What the task requires: Set down the data below word for word, and leave the images aside.
-------- Source data --------
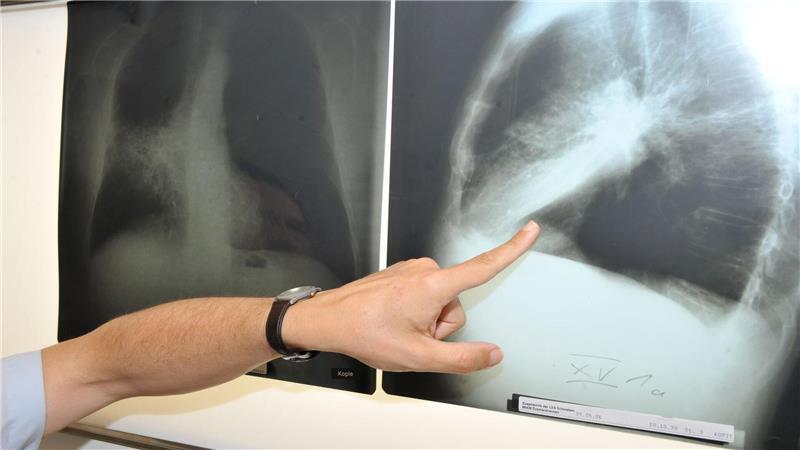 Ab April soll es losgehen mit dem neuen Programm zur Früherkennung von Lungenkrebs.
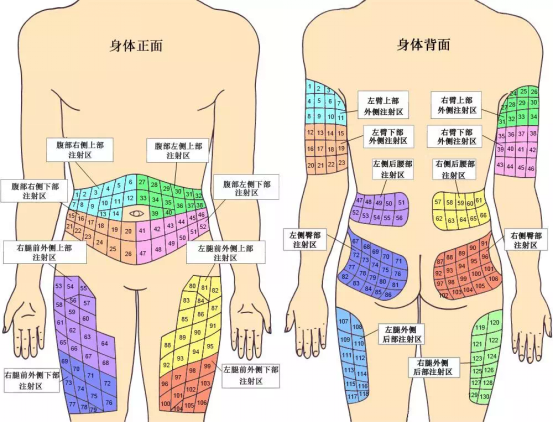 糖友胰岛素的注射部位 值得收藏 健康频道 手机搜狐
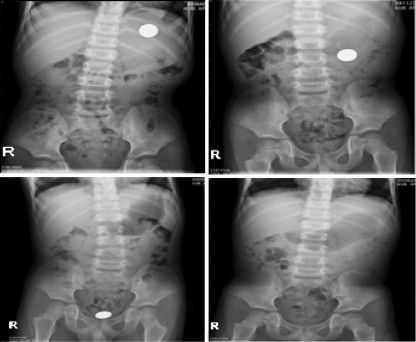 X-ray koin Sebuah foto x-ray menunjukkan koin dalam tubuh manusia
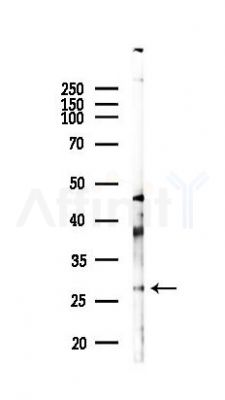 TNFSF14 Antibody - Western blot analysis of lysates from K562 cells(starvation 24h treatment), using TNFSF14 Antibody at 1/1000 dilution.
--------
Answer to this task:
 Ab April soll es losgehen mit dem neuen Programm zur Früherkennung von Lungenkrebs.
 糖友胰岛素的注射部位 值得收藏 健康频道 手机搜狐
 X-ray koin Sebuah foto x-ray menunjukkan koin dalam tubuh manusia
 TNFSF14 Antibody - Western blot analysis of lysates from K562 cells(starvation 24h treatment), using TNFSF14 Antibody at 1/1000 dilution.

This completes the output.